I received an email:
I’m a 41 y.o., and I still can’t find my true calling. I’m always trying something new. At first, it turns out well but then I got bored. Can you tell me what could inspire me?”
My answer is:
“Sure. I have The True Vocation Meditation. It will give you temporary relief, but since it consists of false assumptions which vanish into thin air very quickly, you need to repeat it every other hour.
Also, I have a very good mat to fall flat on your face with comfort.
Actually, you’re deceiving yourself by saying that everything turns out well. Let’s face it: You try something, you don’t see immediate results, and then you quit. You’re bored not with a particular occupation, but with inevitable downfalls and the need to return to square one. You are looking for business that brings you immediate success. I’m afraid to disappoint you, but you won’t find it.
You may gain recognition when you’re at the top of your game. But being at the top means that you have all the necessary elements of your business covered.
For example, if you’re a fashion designer, you should know how to create outlooks, sew, organize photoshoots, and set up sales. If at least one element is missing, you can’t make it. Any serious business has numerous elements, and to master them all, you need huge reserves of perseverance and patience.

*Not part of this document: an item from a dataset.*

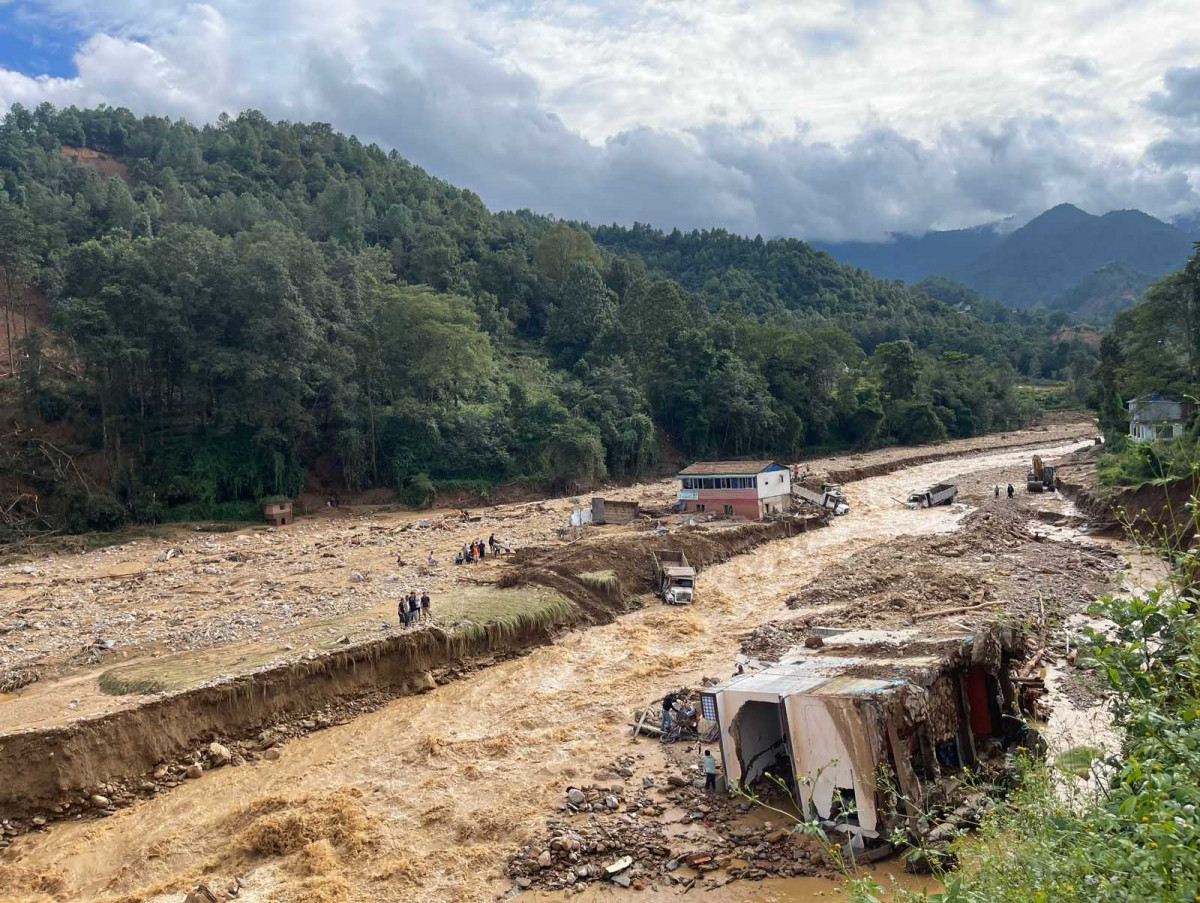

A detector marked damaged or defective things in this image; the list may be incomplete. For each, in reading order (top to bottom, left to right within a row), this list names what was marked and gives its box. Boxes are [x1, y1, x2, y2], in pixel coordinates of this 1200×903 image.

flood-damaged road [2, 430, 1136, 903]
damaged building [704, 624, 1032, 836]
overturned truck [704, 624, 1032, 836]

If you want to be at the top, your whole life will consist of mistakes and failures. But in a few years you will become a true master—just because you’ve tried everything and eventually found what works.
Most people don’t need any “true callings” to be happy. If you’re impressed with somebody else’s results, it doesn’t mean that you want to pay the same price.
So, make a decision: either you stop searching for the perfect match and invest a lot into becoming a true master, or you admit that that doesn’t suit you—and there is nothing wrong with it. The purpose of human life is to be happy, not to impress others with achievements that wouldn’t bring you joy anyway.